Insult to injury then occurred when one of the Brazilian surfers witness to the whole debacle calmly asks me “why don’t you use the moto with the surf rack on it?” And there it was, around the corner, the moto with the surf rack on it, generally available for anyone to use. Doooh!! So ya, lesson learned: always ask for, or rent, the standard surf rig in Indo: motorbike with surf board rack. Got it.

So Cimaja. Kind of a strange layout. You wouldn’t know you’ve arrived, unless you have it loaded on your google maps phone app, and the little blue dot tells you you’re there. In fact, I rode right past my accom, The Chill House – the low-budg surfer option, great people, fun times – on the first past. Everything, other than the wave, is nowhere near the water. From what I can tell, surfers don’t seem to care, as long as the wave is good, and you can feasibly get to it somehow. The 5-mins walk down the trail from the road qualifies obviously. Unfortunately though, it’s a tad disappointing to not be living on the water.

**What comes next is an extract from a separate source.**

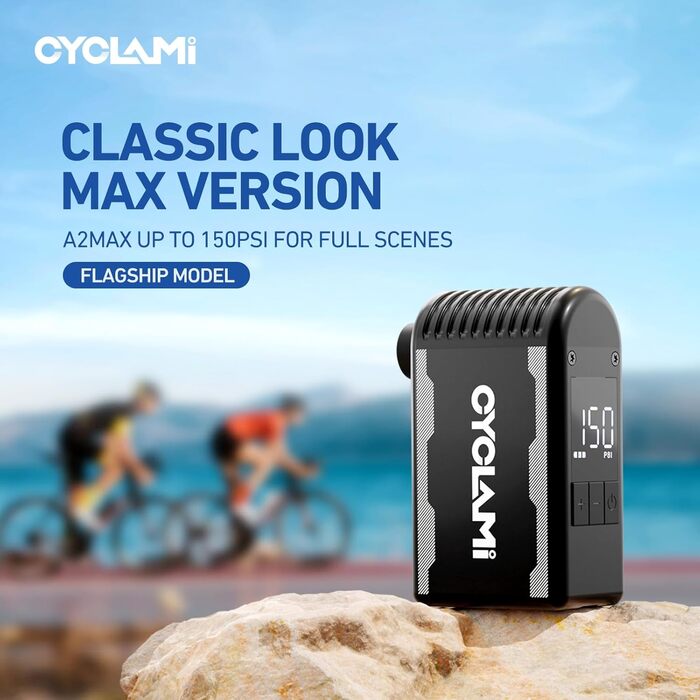 Велосипедний насос, міні-електричний A2MAX, 85x50x32 мм, 10.3 бар / 150 PSI, алюмінієвий сплав, чорний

Not to worry though. As mostly a recon mission, the area has now been thoroughly scoped out, and the perfect beach bungalows with beer and comfortable chairs (which are shockingly rare here in this land of 90-degree straight-back wooden chairs) has been located down the coast, and complete with beginner beach break. Now all we need is Amy, and another long weekend! No doubt, the topic of a future post. See you then.